不確実な未来に向けて「質問」をする

新任議員研修2日目での学び、第2弾として、議会での発言、特に「質問」について触れます。

議員の議会での発言の種類は限られています。「質疑」「質問」「討論」「提案理由説明」「動議の提出」「議事進行上の発言」「一身上の弁明」などです。
本会議の会期が30日とすると、およそ次のような流れになります。

  • 初日 議案提案
  • 数日後 質疑通告締切
  • 1週間後 本会議での質疑→議案を委員会に付託
  • 最終日近く 討論通告締切
  • 最終日 委員会審査報告→討論→採決

ちなみに討論っていうのは、賛成、反対それぞれの立場に立って最終的に論を述べることを言います。

さて、実は上記の流れのほかに、これは重要だと思うものに「質問」があります。特に「一般質問」というのは、議員としての公約を市政に反映させる重要な機会と考えています。
「質疑」と「質問」、似た言葉なのでぼくも研修中に質問してしまったのですが、「質疑」が前述の通り、提案に対する疑問を質すものに対して、「質問」は、会期前に通告締切があって、会期中、およそ3週目の終わり頃に行われるものです。議案と離れて自分なりの問題意識を市政に対して投げかけることができるわけですね。提案型の政治を行うにあたって、これを利用しない手はない、と思う次第です。

一般質問については、丹波市の場合、1人あたりの持ち時間が60分と制限されています。

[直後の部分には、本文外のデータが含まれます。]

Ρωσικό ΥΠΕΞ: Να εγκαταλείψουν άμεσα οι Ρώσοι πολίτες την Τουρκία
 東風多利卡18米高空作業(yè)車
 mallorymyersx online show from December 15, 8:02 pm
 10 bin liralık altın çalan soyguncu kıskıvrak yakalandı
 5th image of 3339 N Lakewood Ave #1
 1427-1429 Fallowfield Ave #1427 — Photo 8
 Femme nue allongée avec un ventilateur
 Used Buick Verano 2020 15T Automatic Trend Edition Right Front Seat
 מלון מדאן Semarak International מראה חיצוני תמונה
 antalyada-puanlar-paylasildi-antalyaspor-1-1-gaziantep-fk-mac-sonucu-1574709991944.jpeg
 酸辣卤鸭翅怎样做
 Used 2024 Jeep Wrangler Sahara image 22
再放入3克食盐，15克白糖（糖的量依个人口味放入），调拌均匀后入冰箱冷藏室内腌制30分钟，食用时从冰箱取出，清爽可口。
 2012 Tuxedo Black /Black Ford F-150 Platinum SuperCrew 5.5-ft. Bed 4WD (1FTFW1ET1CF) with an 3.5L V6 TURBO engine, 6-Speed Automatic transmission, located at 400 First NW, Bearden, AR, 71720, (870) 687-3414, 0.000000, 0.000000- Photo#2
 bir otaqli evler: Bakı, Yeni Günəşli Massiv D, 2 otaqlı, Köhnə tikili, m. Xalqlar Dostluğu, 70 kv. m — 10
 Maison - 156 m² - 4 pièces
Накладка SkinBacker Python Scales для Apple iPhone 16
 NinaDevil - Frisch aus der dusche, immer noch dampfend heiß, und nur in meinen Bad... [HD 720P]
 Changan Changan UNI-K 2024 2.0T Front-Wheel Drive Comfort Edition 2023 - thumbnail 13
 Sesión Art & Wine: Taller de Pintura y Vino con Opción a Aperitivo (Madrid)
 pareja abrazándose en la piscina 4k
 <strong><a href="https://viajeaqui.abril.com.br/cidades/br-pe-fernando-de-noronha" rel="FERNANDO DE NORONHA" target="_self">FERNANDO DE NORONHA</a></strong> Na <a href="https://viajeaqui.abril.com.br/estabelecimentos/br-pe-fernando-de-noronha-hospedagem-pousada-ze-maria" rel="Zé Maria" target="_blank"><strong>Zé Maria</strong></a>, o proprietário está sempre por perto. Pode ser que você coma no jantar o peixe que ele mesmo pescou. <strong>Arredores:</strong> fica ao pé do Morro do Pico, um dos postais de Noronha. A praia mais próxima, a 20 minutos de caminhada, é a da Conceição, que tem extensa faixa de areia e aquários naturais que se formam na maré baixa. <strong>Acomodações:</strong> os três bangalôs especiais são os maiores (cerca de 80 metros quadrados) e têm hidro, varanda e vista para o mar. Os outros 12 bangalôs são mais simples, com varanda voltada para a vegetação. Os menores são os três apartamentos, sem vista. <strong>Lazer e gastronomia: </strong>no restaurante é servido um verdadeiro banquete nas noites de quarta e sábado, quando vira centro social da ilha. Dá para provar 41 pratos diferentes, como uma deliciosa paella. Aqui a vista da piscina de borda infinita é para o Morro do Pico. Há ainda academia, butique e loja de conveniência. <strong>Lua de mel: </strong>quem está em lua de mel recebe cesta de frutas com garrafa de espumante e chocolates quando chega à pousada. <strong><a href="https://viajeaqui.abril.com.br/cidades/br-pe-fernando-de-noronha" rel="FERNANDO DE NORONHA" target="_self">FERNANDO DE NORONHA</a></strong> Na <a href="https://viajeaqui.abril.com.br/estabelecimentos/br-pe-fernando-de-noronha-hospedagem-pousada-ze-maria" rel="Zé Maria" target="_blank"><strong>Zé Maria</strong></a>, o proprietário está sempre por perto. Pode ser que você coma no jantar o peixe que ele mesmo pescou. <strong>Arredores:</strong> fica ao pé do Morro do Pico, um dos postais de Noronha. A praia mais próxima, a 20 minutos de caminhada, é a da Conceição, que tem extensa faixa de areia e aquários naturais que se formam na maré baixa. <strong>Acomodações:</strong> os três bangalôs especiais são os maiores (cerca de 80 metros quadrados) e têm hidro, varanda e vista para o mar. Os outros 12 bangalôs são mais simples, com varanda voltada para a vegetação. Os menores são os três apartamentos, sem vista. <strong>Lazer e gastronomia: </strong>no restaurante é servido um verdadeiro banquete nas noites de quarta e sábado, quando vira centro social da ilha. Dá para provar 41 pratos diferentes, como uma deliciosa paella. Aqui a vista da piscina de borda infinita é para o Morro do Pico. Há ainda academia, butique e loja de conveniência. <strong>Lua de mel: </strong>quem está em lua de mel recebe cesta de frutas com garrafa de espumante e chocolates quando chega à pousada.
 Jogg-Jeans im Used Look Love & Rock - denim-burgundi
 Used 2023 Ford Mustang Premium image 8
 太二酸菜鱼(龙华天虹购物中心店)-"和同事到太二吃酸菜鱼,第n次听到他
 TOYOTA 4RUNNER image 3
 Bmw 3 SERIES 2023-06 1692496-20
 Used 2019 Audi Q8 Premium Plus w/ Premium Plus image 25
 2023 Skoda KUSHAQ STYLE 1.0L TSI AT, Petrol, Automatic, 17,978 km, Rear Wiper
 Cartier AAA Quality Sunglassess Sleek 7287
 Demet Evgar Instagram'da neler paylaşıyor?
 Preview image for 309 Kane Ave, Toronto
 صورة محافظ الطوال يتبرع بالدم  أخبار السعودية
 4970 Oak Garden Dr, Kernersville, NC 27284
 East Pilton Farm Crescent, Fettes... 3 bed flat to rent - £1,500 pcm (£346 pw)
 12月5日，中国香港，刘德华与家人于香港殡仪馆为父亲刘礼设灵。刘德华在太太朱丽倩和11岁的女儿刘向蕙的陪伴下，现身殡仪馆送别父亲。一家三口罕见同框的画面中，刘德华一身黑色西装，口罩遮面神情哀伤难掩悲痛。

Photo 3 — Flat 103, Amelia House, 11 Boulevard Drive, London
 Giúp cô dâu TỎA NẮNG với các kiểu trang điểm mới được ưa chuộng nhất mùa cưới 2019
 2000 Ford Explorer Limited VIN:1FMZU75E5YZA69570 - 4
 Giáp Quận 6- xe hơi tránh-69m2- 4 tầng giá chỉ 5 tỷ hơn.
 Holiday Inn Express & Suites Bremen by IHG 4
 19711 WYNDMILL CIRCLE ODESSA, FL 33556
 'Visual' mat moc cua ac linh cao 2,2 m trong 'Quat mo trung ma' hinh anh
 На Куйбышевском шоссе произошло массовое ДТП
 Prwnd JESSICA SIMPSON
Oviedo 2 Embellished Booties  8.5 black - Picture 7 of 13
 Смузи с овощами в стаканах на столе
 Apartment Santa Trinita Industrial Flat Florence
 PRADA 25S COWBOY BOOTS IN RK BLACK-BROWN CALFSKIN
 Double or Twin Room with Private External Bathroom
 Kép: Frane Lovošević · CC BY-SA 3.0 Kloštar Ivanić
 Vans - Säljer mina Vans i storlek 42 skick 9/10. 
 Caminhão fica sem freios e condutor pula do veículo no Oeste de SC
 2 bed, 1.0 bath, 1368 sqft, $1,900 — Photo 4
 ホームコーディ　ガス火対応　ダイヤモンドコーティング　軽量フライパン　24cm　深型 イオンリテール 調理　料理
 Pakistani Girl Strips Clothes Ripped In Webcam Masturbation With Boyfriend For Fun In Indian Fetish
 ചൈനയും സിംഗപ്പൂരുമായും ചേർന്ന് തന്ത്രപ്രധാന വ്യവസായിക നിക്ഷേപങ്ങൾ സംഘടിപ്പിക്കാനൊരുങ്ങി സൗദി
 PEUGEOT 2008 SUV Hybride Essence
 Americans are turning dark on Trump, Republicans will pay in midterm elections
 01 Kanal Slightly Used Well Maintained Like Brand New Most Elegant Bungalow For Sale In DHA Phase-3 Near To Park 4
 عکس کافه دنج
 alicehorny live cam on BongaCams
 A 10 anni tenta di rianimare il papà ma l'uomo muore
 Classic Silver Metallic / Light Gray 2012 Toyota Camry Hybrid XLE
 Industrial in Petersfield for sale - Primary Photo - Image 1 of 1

最近は一問一答形式がほとんどなので、最初の発言こそ例えば3つの質問事項を一気に述べ、回答も3つを一気に受けるわけですが、以降は1つの項目ごとに掘り下げて再質問していくことができます。
60分というのは回答時間も含めてですので、当局が回答に時間がかかったら困るなぁと思ったりするわけですが、がまんするしかないようです。

いずれにせよ、一般質問を有効に活用するには、論点を明確にし、印象ではなく事実に基づく議論になるよう下調べを行い、再質問も方向性を明確にして筋を逸れないようにし、よりよい市政に向けて議論を深められるよう、工夫しなくてはなりませんね。
議会事務局からは一般質問の参考資料として、『地方議会人』という研修誌の連載の抜粋を配布いただきました。その中に、かつてポストモダン思想を読み込んだ身としてはとても共感できる一節があったので、最後に紹介します。

<政策・制度>は現在の課題をこえた未来をつくるための手法で、未来は不確実なのだから、「正しい解答」は誰にもわからない。
政策に「正解」はないが、だからといってその課題を放っておくわけにはいかない。だから、「わたしたちなりの答え」を一定の手続きによって確定していく。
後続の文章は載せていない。